- PROBLEM TO WORK ON
Retype the data below exactly; skip every image.

COLLECTED DATA Block Start

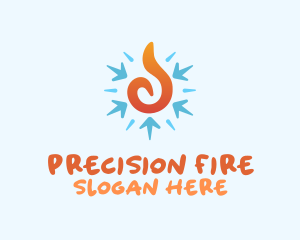 Fire Snowflake Temperature logo design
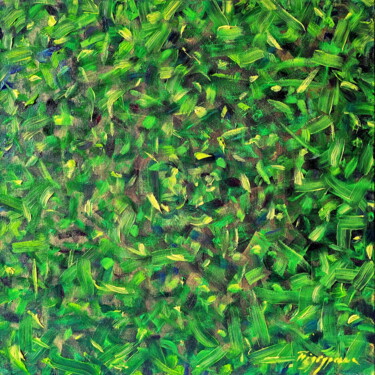 Painting titled "Green Fantasy" by Oksana Pidgurs Ka, Original Artwork, Oil Mounted on Wood Stretcher frame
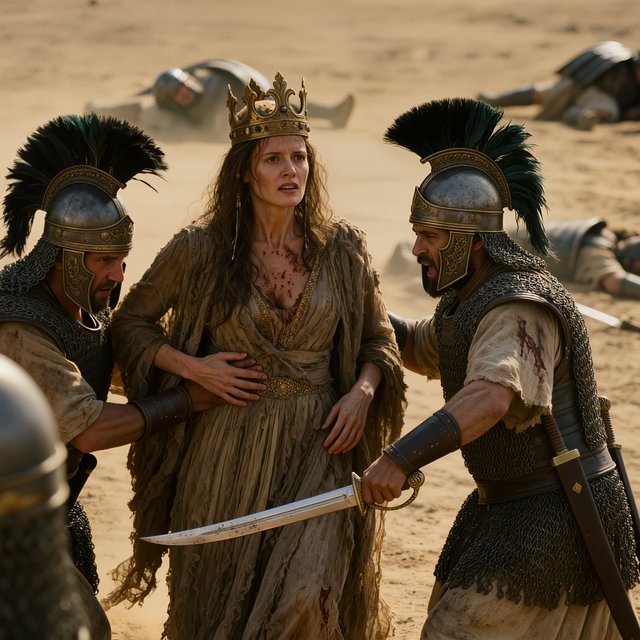 Film capture. Cinematic scene of the Byzantine empress being captured by Sassanid cataphracts. Harsh desert lighting. Shallow depth of field. The image takes place in the aftermath of a battle. All of the subjects are dusty and disheveled. — Kling v3
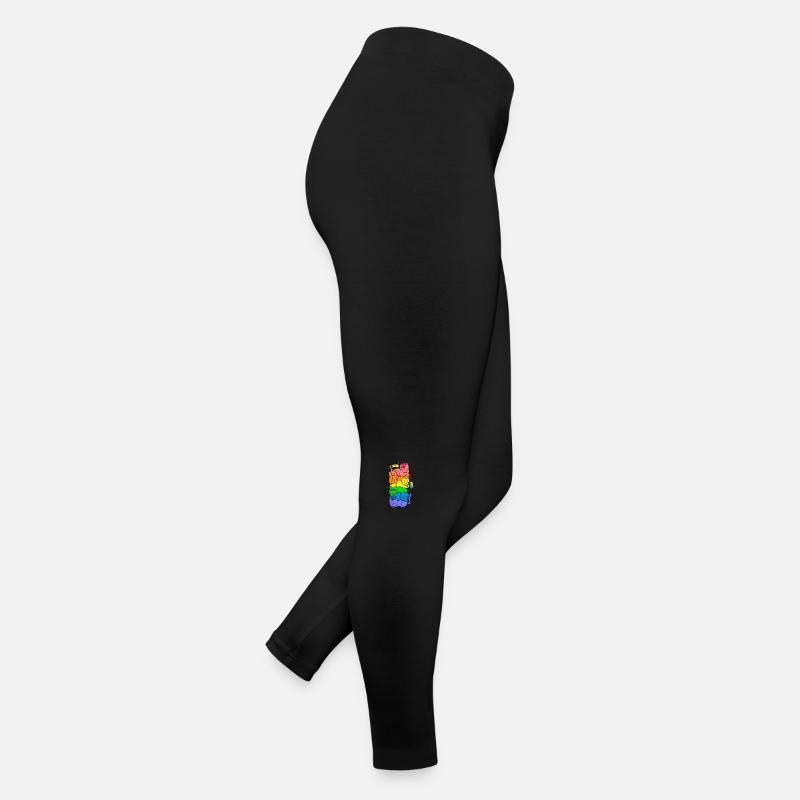 Cat Stack Regenbogen Gay Pride Niedliches LGBT-Tier Haustier Frauen Jersey Leggings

COLLECTED DATA Block End

- EXERCISE ANSWER
 Fire Snowflake Temperature logo design
 Painting titled "Green Fantasy" by Oksana Pidgurs Ka, Original Artwork, Oil Mounted on Wood Stretcher frame
 Film capture. Cinematic scene of the Byzantine empress being captured by Sassanid cataphracts. Harsh desert lighting. Shallow depth of field. The image takes place in the aftermath of a battle. All of the subjects are dusty and disheveled. — Kling v3
 Cat Stack Regenbogen Gay Pride Niedliches LGBT-Tier Haustier Frauen Jersey Leggings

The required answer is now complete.